В современной русской литературе, особенностью которой является разнообразие форм, смешение и перемешивание жанров и стилей, происходит реанимация многих жанров, в советские годы утративших свою актуальность. Одним из таких является авантюрный роман, ведущий генеалогию от западноевропейского плутовского романа, претерпевший бурное развитие в русской литературе 1920-х годов (И. Ильф и Е. Петров, А. Толстой, В. Катаев, В. Каверин). Возрождение авантюрного романа связано с социальными обстоятельствами, диктующими предприимчивость, плутовство, снижение моральной планки как необходимые для достижения успеха черты героя нашего времени.
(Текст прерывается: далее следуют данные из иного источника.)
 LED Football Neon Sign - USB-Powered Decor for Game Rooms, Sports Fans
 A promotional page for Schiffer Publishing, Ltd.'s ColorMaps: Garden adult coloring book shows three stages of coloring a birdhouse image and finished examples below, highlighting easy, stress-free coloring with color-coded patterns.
Довольно крупное издательство ACT даже выпускает целую серию «Русский плутовской роман». «Новая Эразмиада, или Глупость в России» В. А. Иванова-Тверского, «Хора на выбывание»
В. Ларченкова, романы Б. Кенжеева дополнили плутовские романы Ю. Дружникова «Суперженщина» и «Первый день оставшейся жизни». В них сюжет — это ряд приключений, герой (героиня) — блестящий плут, активно стремящийся к реализации своих целей, место действия географически экзотично, финал открыт, притязания героя терпят крах.
Важной чертой современного литературного пространства является размывание границ между элитарной и массовой литературой. В отличие от литературы конца XX века, когда при всей пестроте картины и многообразии жанров и стилей все же можно было выделить стилевые тенденции и направления, новейшая литература — это литература авторских художественных моделей. В произведениях современных писателей происходит сращение приемов и установок реализма с постмодернистской художественной техникой. Глубокий психологизм может сочетаться с авторской игрой с читателем, узнаваемые современные реалии могут существовать в одном пространстве с фантастикой и мистикой, история познаваться через детективный сюжет, а философские вопросы бытия осмысляться в мелодраматических коллизиях.
Многообразие писательских стилей, авторских жанров в современной литературе свидетельствует о свободе ее развития и существующих перспективах.